Reportagem do jornal 'New York Times' questiona a
posse brasileira da Amazônia e gera discussões
sobre possibilidade de intervenção internacional
(Foto: Reprodução/New York Times) Quando visitou o Brasil em 2003, no início da invasão do Iraque, o advogado americano Mark London ficou chocado com faixas que viu penduradas pela capital do país. O pesquisador estudava a Amazônia brasileira havia décadas, era autor de um livro pioneiro sobre o assunto nos Estados Unidos, e se viu diante de frases que alegavam que, depois do Iraque, o alvo dos americanos seria o Brasil, por conta da floresta e das suas reservas de água, o que achou absurdo.
A experiência dele é comum entre quase todos os estudiosos norte-americanos que se debruçaram sobre a importância da região amazônica para o Brasil para o mundo. O
G1 entrevistou mais de dez pesquisadores brasilianistas e de geopolítica que estudam a Amazônia sob a ótica americana e constatou que eles sempre dizem se ver diante do que consideram uma desconfiança excessiva e desnecessária, fruto do que acham ser “paranoia” dos brasileiros.
Na opinião de London, há uma desconexão entre o que os brasileiros acham que é a opinião americana sobre a Amazônia e a realidade dos que os EUA pensam sobre a região. “A paranoia é real. Isso é completamente sem sentido. Não há nenhuma sugestão de que vamos invadir, ocupar, intervir de nenhuma forma. Temos problemas suficientes intervindo em países inimigos, porque criaríamos um problema com nossos amigos? Não há razões para intervir na Amazônia tanto quanto não há de intervir em Paris, na França”, disse London, em entrevista ao
G1. Advogado, London é co-autor dos livros “Amazon”, publicado em 1985, e “A última floresta” (Ed. Martins), em que o tema foi atualizado em 2007.
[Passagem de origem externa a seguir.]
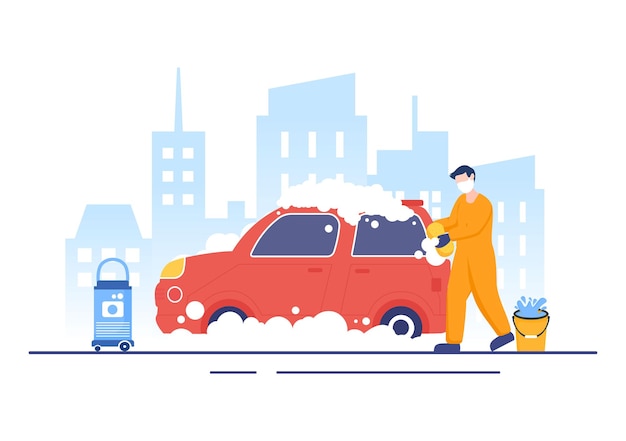 Vector car wash service flat design illustration. workers washing automobile using sponges soap and water for background, poster or banner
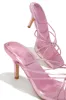 Pure Love Embellished Mid Heel Mules - Pink Metallic sold by Miss Lola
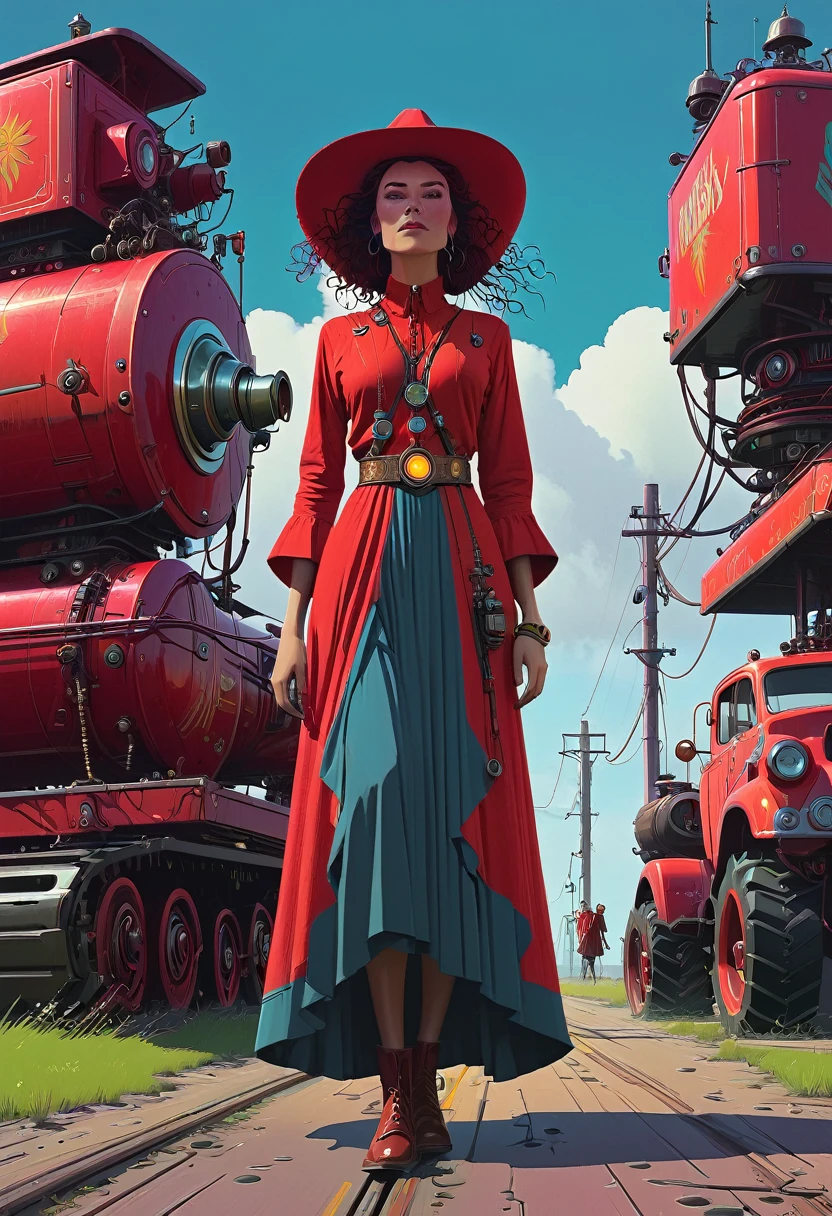 Ava Red, the Wizard of Magical Colors, mechanical priestess, Honky Tonk Girl, illustrated by Simon Stålenhag, redting, digital art, trending on artstation, movie concept art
Essa interpretação de que os brasileiros se preocupam demais é compartilhada por pesquisadores mais conservadores, como o diretor do Instituto Stratfor, George Friedman, e por acadêmicos de esquerda, como a professora Barbara Weinstein, da New York University. Segundo os pesquisadores, não existem planos norte-americanos para uma invasão da Amazônia. A ideia de uma intervenção direta no território brasileiro é tratada como irreal até mesmo pelo discurso oficial do governo dos Estados Unidos, ignorada pela grande mídia e vista como impossível, obra de ficção ou até paranoia de pessoas que acreditam em "teorias da conspiração", segundo pesquisadores tanto da região quanto das relações entre os dois países envolvidos na questão.
“Isso é absurdo”, disse, rindo, a professora Weinstein, da NYU. “Eu mesma sou muito crítica em relação aos Estados Unidos, mas acho que essa preocupação não é nada real.” Weinstein é uma das pesquisadoras mais prolíficas da história do Brasil nos Estados Unidos. Ligada desde 2007 à NYU, ela já passou períodos em Yale e Princeton, e escreveu livros que tratam da questão ambiental da Amazônia, da história da exploração de borracha no norte do pais, da formação da classe trabalhadora no Brasil, e atualmente pesquisa as questões de regionalismo, com a predominância de São Paulo sobre o resto do país. Ela é autora, entre outras obras e artigos, de "(Re)formação da Classe Trabalhadora no Brasil, 1920-1964" (Editora Cortez) e "A Borracha na Amazônia: Expansão e Decadência, 1850-1920" (EDUSP).
“Eu mesma sou muito crítica em relação aos Estados Unidos, mas acho que essa preocupação não é nada real"
Barbara Weinstein, historiadora
Segundo ela, a região em que fica a maior floresta tropical do mundo é reconhecida como território brasileiro, e muitas vezes confundida com a totalidade do país, sendo uma das primeiras imagens evocadas ao se pensar na ideia de Brasil. Além disso, é o governo brasileiro que é cobrado pela forma como trata a Amazônia, seja por questões ambientais ou geopolíticas. O discurso mais comum nos Estados Unidos é de admiração pela vastidão da floresta, de mistério envolvendo sua imensidão, mas de distância, não de intervenção.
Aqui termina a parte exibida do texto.